The current annual contract costs approximately $1.8 million and is expected to increase about $100,000 each year, Jim Benedict, a subcommittee member, said.
As the panel worked to cut law enforcement costs, they discovered some dissatisfaction with existing services and response times for low priority calls.
One option the city considered a few years ago was creating its own police department but the cost – an additional $250,000 per year plus $1 million for the startup — was prohibitive.
According to the subcommittee, a small department would cost approximately $575,000 annually, plus about $100,000 in start-up costs, and it could save the city more than $300,000 a year.
Creating a minidepartment, which is required to allow for enforcement, could increase the visibility of officers and improve response times.
It would include a required chief, one to two certified peace officers and one or two community service officers.

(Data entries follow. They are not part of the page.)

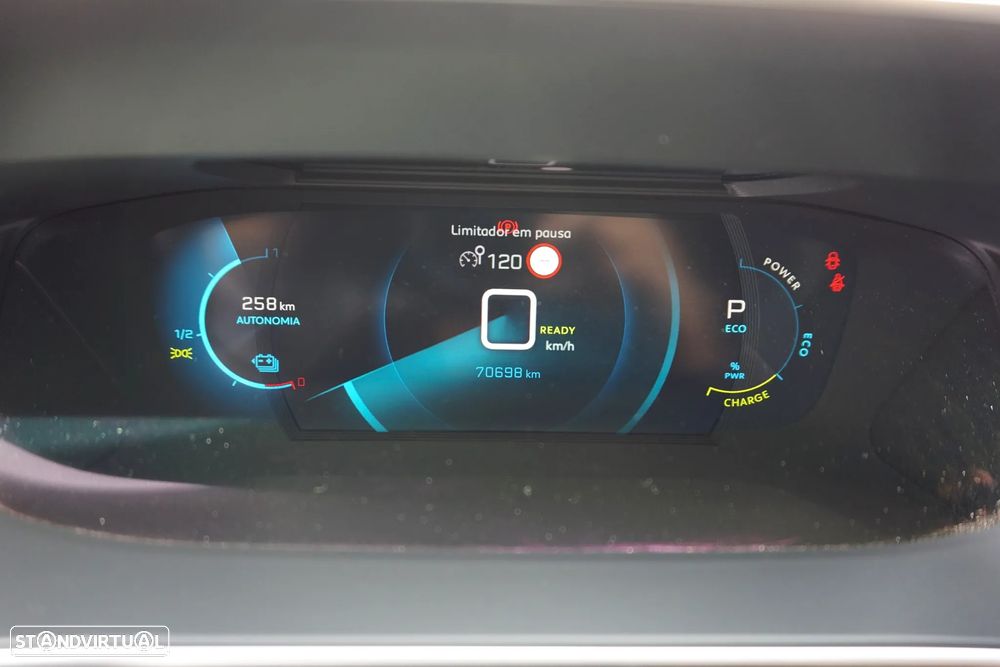 Peugeot e-2008 50 kWh GT Line - 23
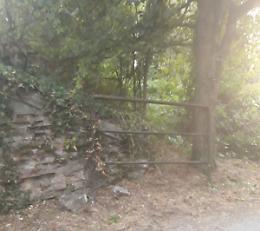 Ponte ferroviario, barriera da 30 chili crolla in strada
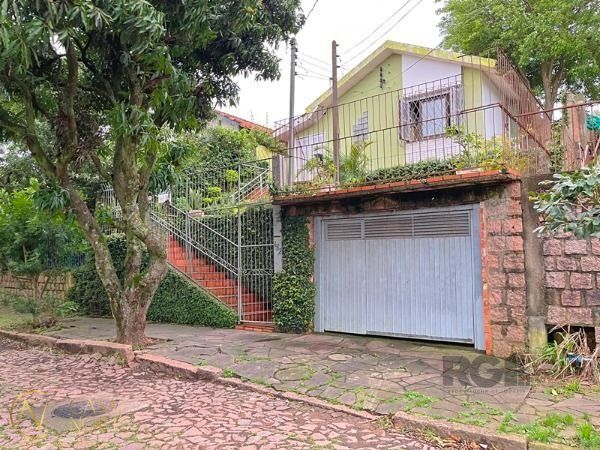 Casa à venda com 4 quartos, 180m², 1 suíte, 1 vaga, Rua Vinte e um de Agosto no bairro Cavalhada em Porto Alegre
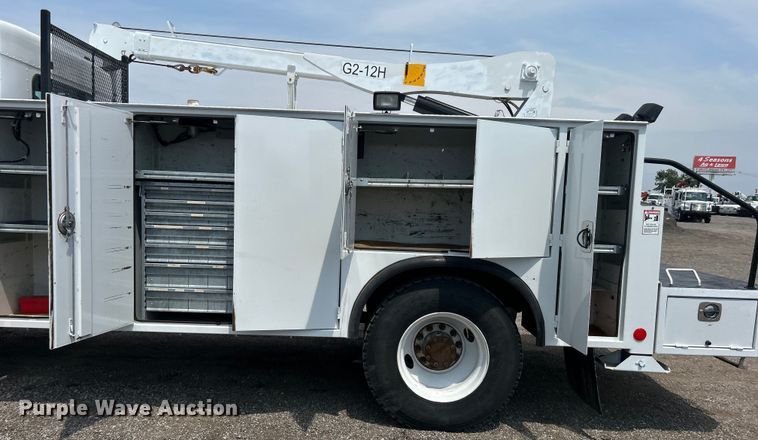 image for item EG0973 2007 Kenworth  T300 utility / service truck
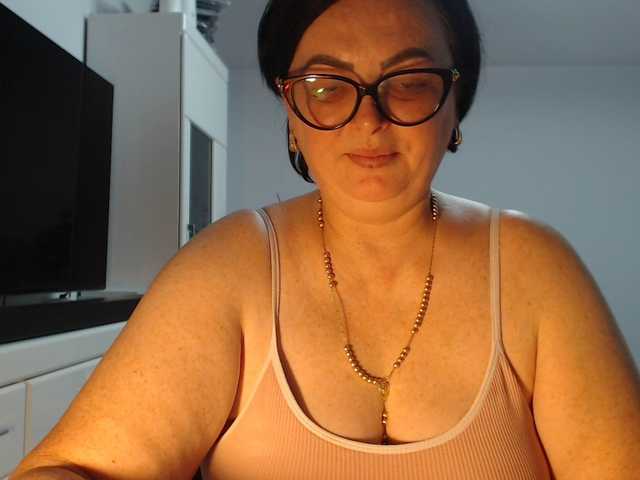 Emyllywhite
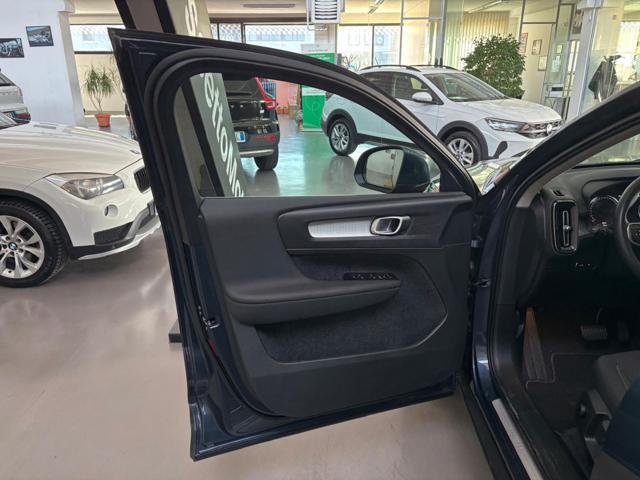 VOLVO XC40 T5 Recharge Plug-in Hybrid Inscription Expression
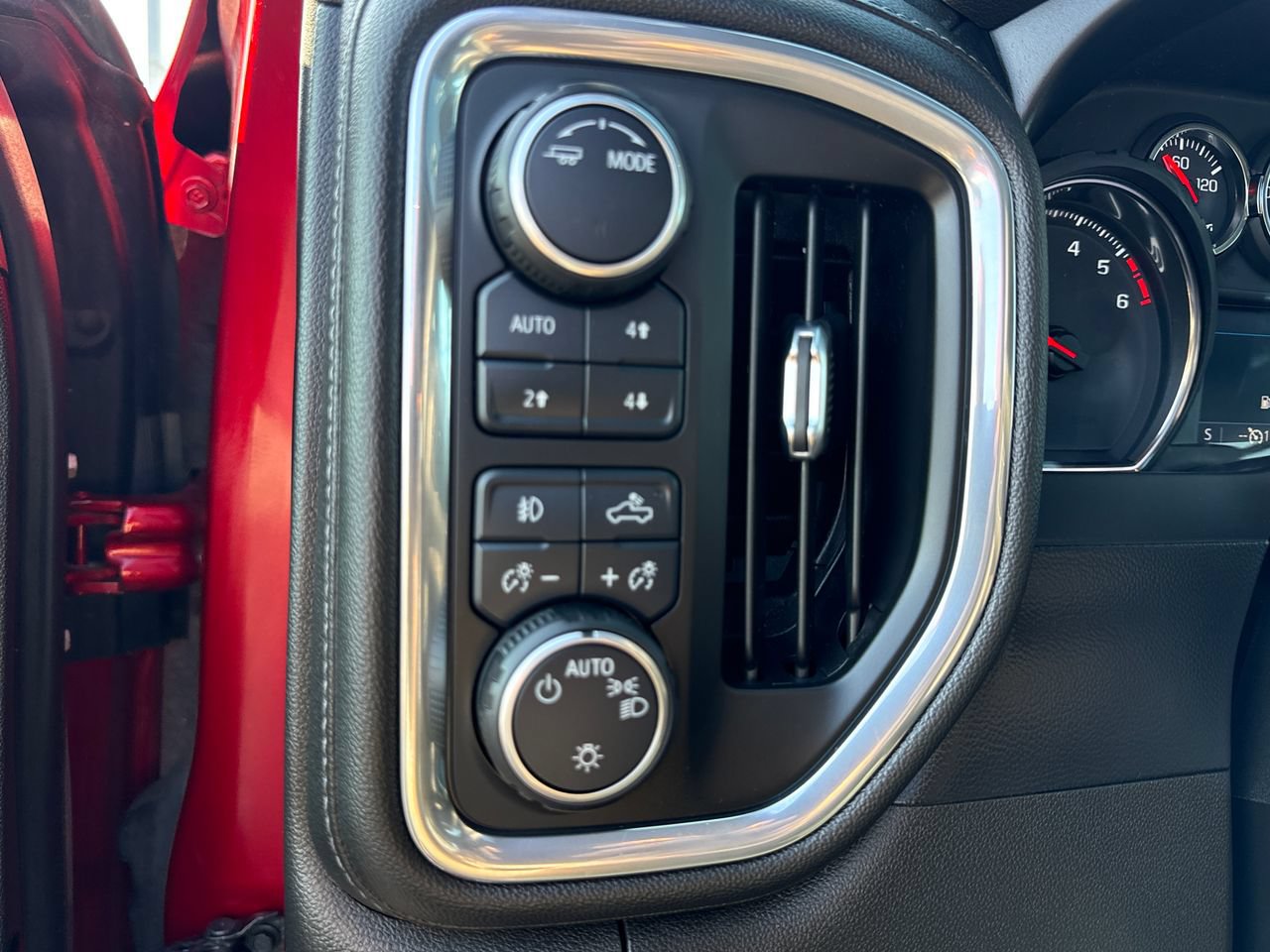 Used 2021 Chevrolet Silverado 1500 RST w/ True North Edition Plus AWD/4WD image 19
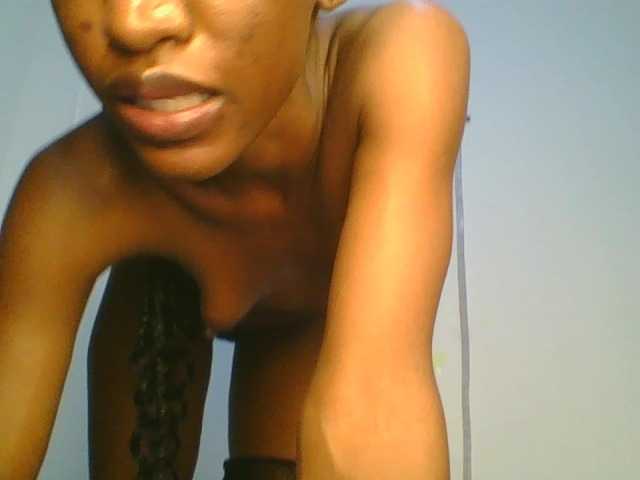 Divine-Ass live cam on BongaCams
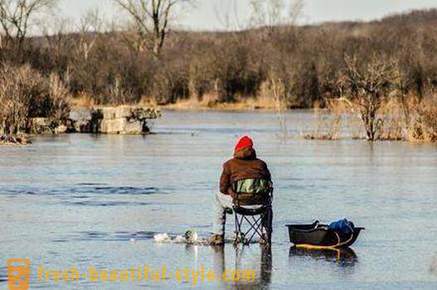 Invierno de pesca en el río Ob en Barnaul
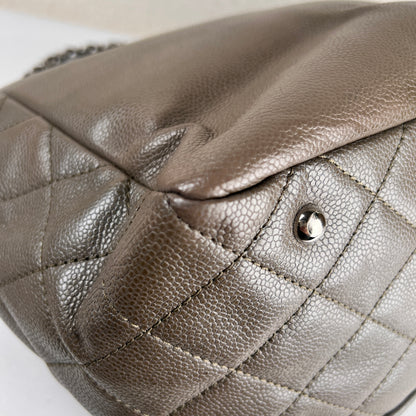 Chanel Gray Tote Bags A-19333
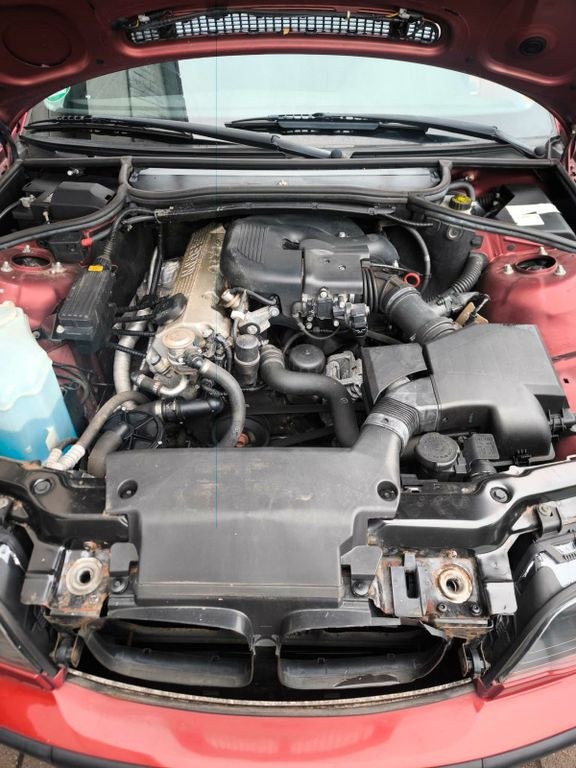 نمای دیگر بی ام و 318 E46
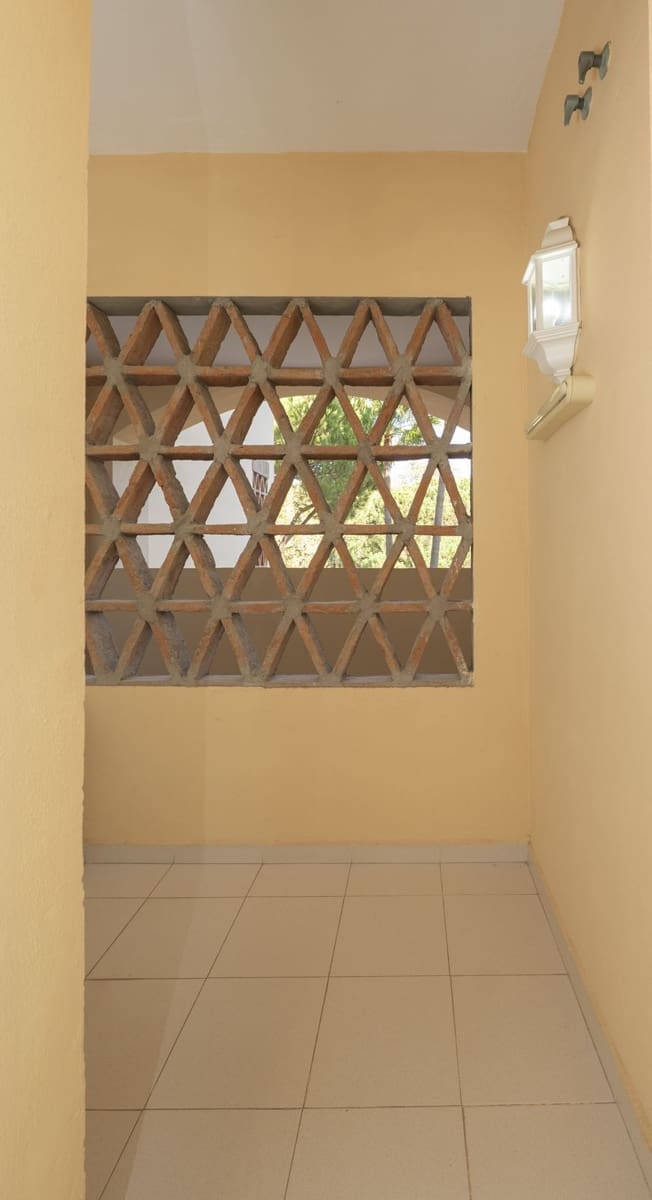 2 bedroom Apartment for sale in Elviria - € 695,000 (Ref: 9738891)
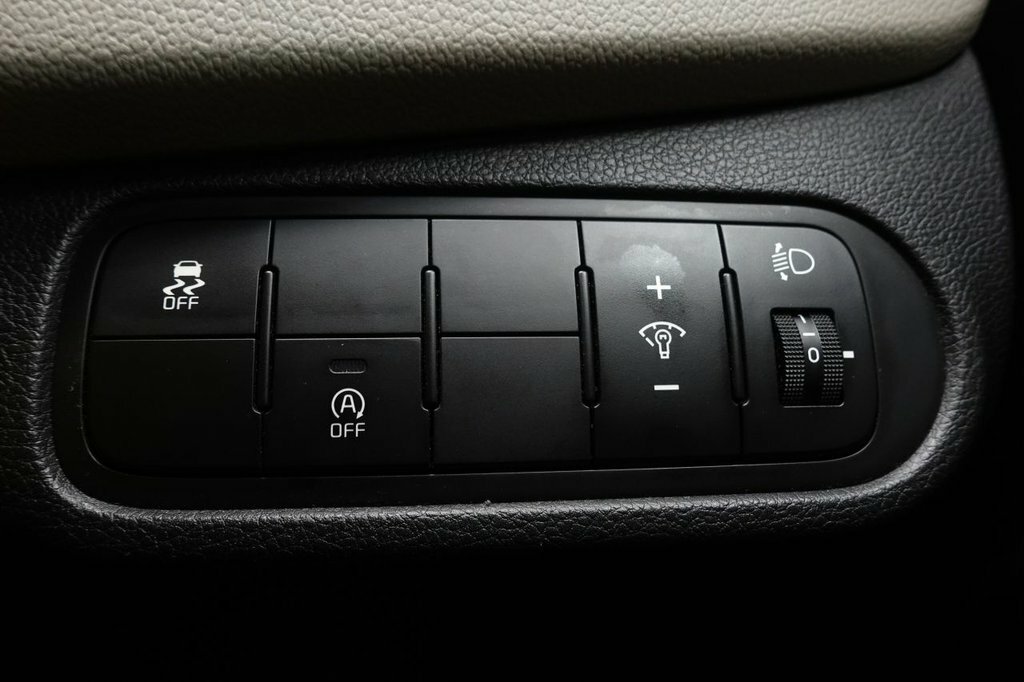 Kia Carens Crdi 2 White #33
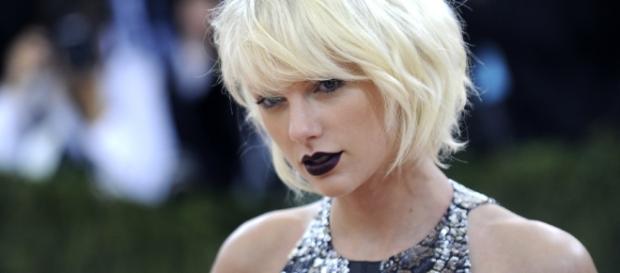 Cele|bitchy | Taylor Swift is 'not sad' about her split, she 'has ... - celebitchy.com Cele|bitchy | Taylor Swift is 'not sad' about her split, she 'has ... - celebitchy.com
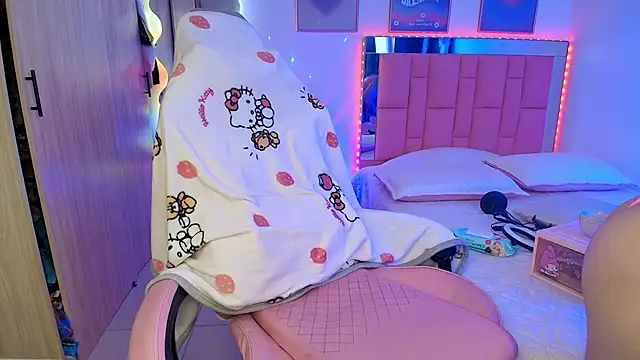 Snapshot of lunesweet chatting on 11-27-25, 02:30 lunesweet online show from 11-27-25, 02:30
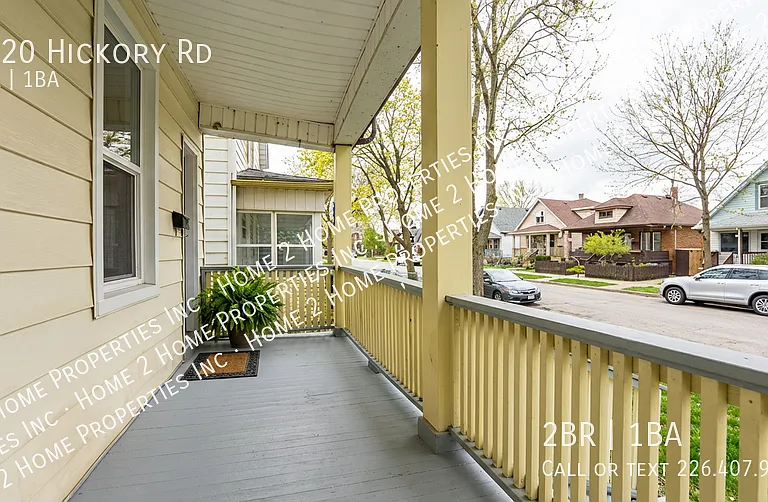 1020 Hickory Rd — Photo 3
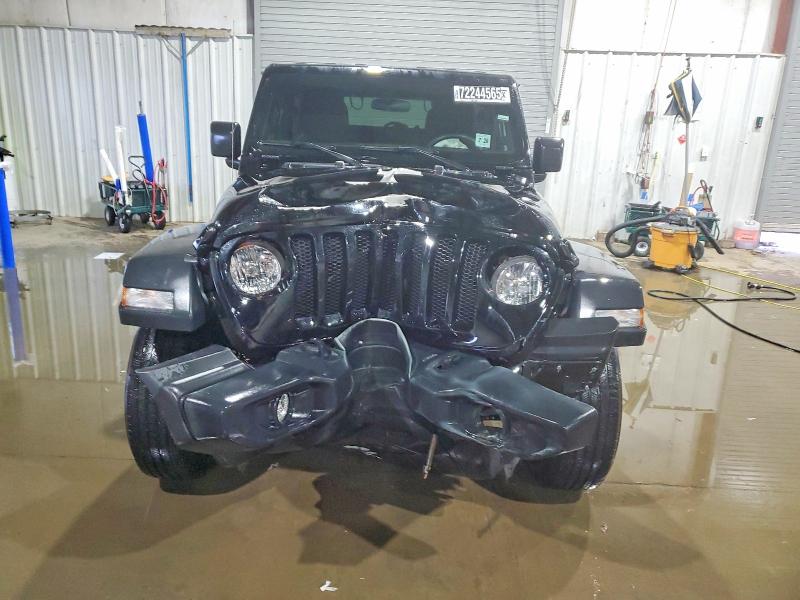 Фото 5 - JEEP WRANGLER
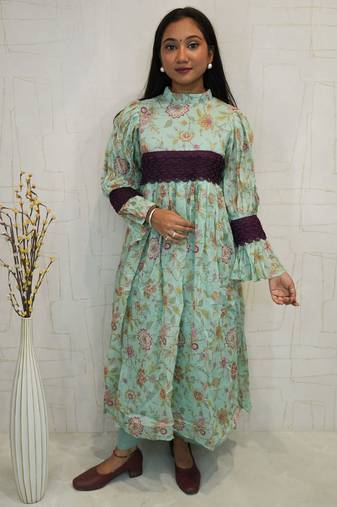 Floral anarkali kurta with lace detailing
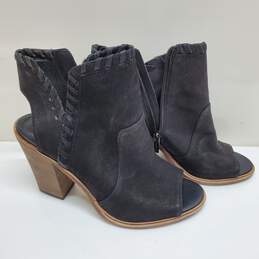 Vince Camuto Peep Toe Booties Black Tumbled Buff Goat Sz 8.5M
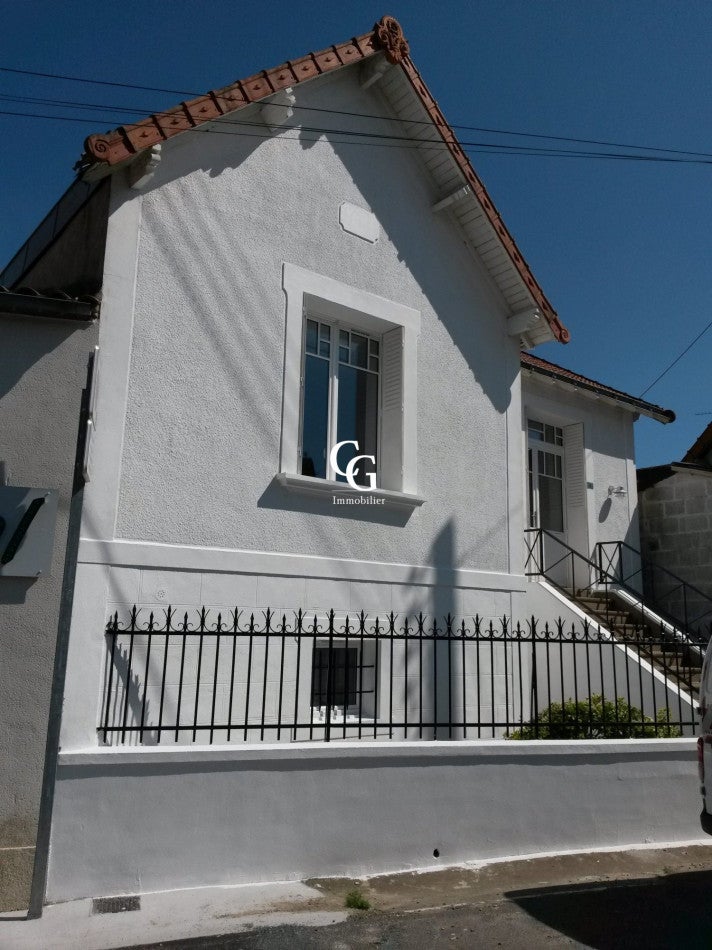 Maison Place de l'Église à Le Pellerin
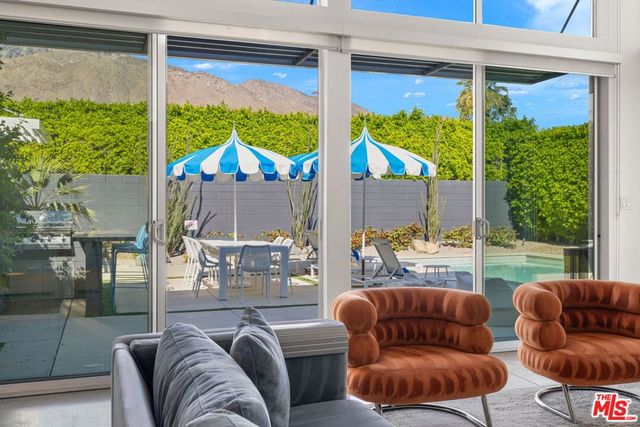 1570 E Sunny Dunes Road, Palm Springs, CA 92264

Earlier this year council members agreed to pursue that idea, but only if the Sheriff’s Department was willing to work under such an arrangement.
Corti and Councilman Terry Sinnott recently met with members of the Sheriff’s Department to discuss the alternative.
“The option of the minidepartment did not go well with the Sheriff’s Department from their first analysis,” Corti said.
Their decision was based on operational and safety concerns, he added.
“We asked them to put those reasons in writing so that we can actually digest it,” Corti said.
“I think the key issue is we were asking them to dispatch our people and that was something they didn’t want to do,” Sinnott said, adding that the sheriff “was very agreeable to working on expanding” the existing contract.
“They’re very open to trying to work to improve service,” he said. “The question is what it’s going to cost.”
“I think their analysis of what they would do as a service provider to meet some of our needs is going to be beneficial for us to evaluate,” City Manager Scott Huth said.
Although sheriffs didn’t support the notion of a minidepartment, council members haven’t completely given up on the idea.
“We think it can be done,” Corti said, noting that a similar system is used at universities and with the city’s ranger program. “If they’re not armed our own city employees are an option.”
“So there is a potential of changing that dispatching issue where we have a very small department that still responds to our priority three and four calls, maybe do some traffic enforcement, but we’ve got to figure that out,” Sinnott said. “We’re regrouping.”
Priority three calls include driving under the influence, accidents with minor injuries, hit-and-run with property damage, an escaped prisoner, arson and child stealing. Prowlers, assault, indecent exposure, vandalism, trespassing and audible and silent alarms constitute priority four calls.
Corti said the subcommittee plans to discuss other options, including the costs and benefits of forming a city police department with input from the sheriffs, expanding the existing contract and hiring a private security firm to augment service, a system currently used in Rancho Santa Fe.